D. Firefighters’ Standards Update. This would ensure that “hand-me-down” equipment meets current standards. The small town fire departments are not qualified to fight internal structure fires as they need proper self-contained breathing apparatus fit testing and proper training.
E. Regulations Regarding Transportation of Forestry Workers. This came about as a result of the accident that killed 14 migrants. Now, they cannot use 15 passenger vans unless the rear seat is removed; no equipment can be stored in the rear or on the van’s roof due to instability. Forestry workers can use a 12-passenger van, but are limited to 11 passengers. There are also training requirements for the drivers. Mr. Peabody explained the H2B program, which is a visa classification allowing an employer to bring in foreign workers for a temporary or seasonal job. The national cap is 66,000 and that was reached in March.
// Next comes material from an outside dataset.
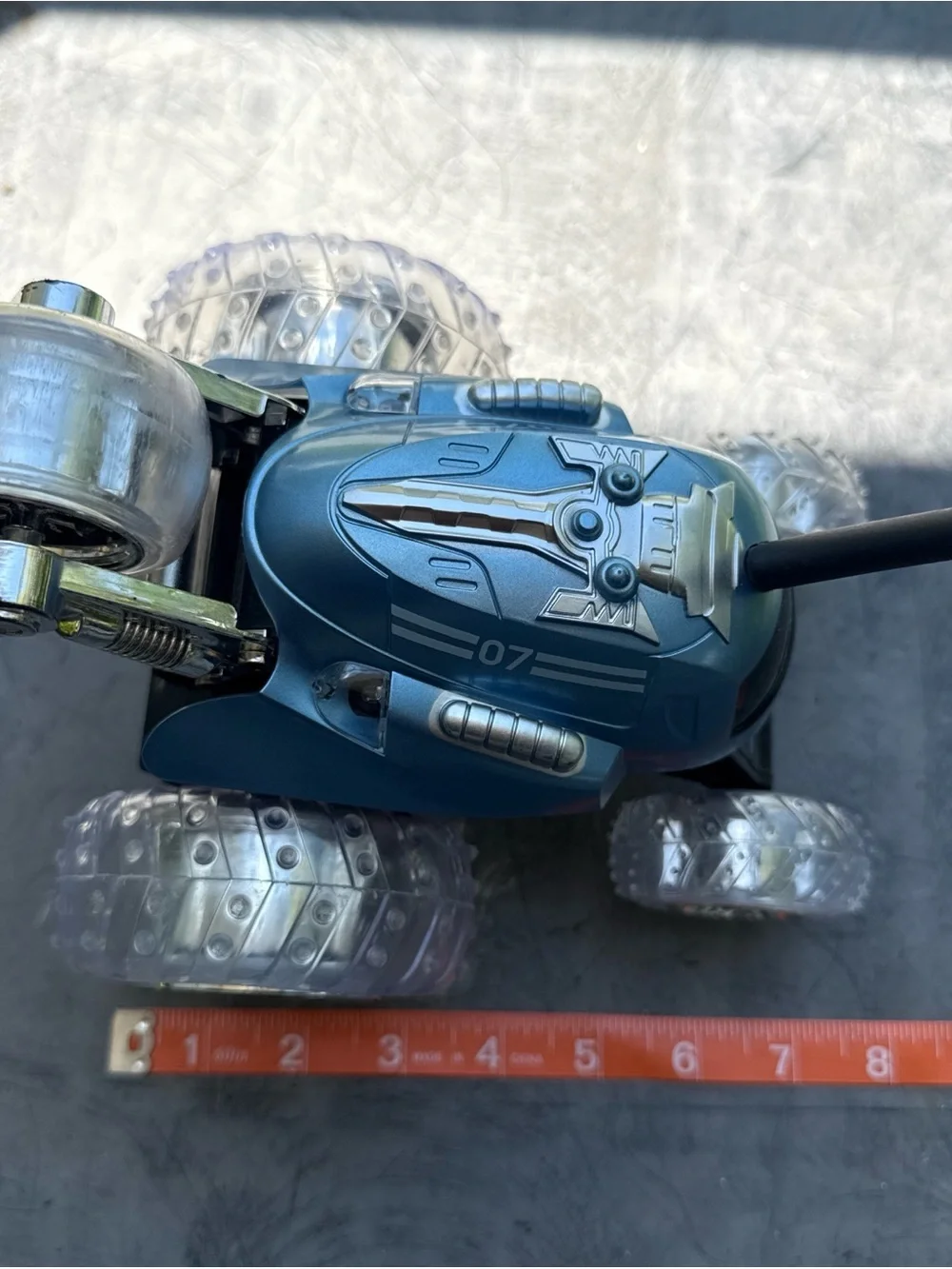 Sharper Image Thunder Tumbler Spinning Car (No remote control)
Discussion of Injury Prevention – Bill Peabody. Mr. Peabody would like the work group to get into the injury prevention side. The group would like to know what employers are doing for themselves that may not be through a government-sponsored program. One of the questions Mr. Peabody asked is what kind of services for self-employed’s could come from the Bureau of Insurance. Mr. Brown stated that insurance carriers do offer consultation services, Title 24-A, Chapter 25, Section 5 (a copy of this law was handed out to those present at the meeting). It is also available at the web site: http://janus.state.me.us/legis/statutes/24-A/title24-Asec2385-C.html
For the next meeting of the work group, Mr. Peabody would like folks to think about injury (including illness) prevention issues and let him know of someone who can enlighten us on injury prevention.
Mr. Peabody will start putting together what the group has discussed regarding data issues as the first report to the Legislature is due January 2005. This report will focus on what we know now about data collection (what it doesn’t tell us, its strengths and weaknesses, and what we can do about the weaknesses) and what is happening with EDI and how it might affect data.
Next meeting. The next meeting of the Occupational Safety and Health Data Collection and Injury Prevention Work Group will be held on Wednesday, July 21, 2004 from 9:30 to 11:30A.M., First Floor Training Room, Bureau of Labor Standards, Hallowell Annex. Refreshments will be available.
Adjournment. Mr. Peabody adjourned the meeting at 11:34 A.M.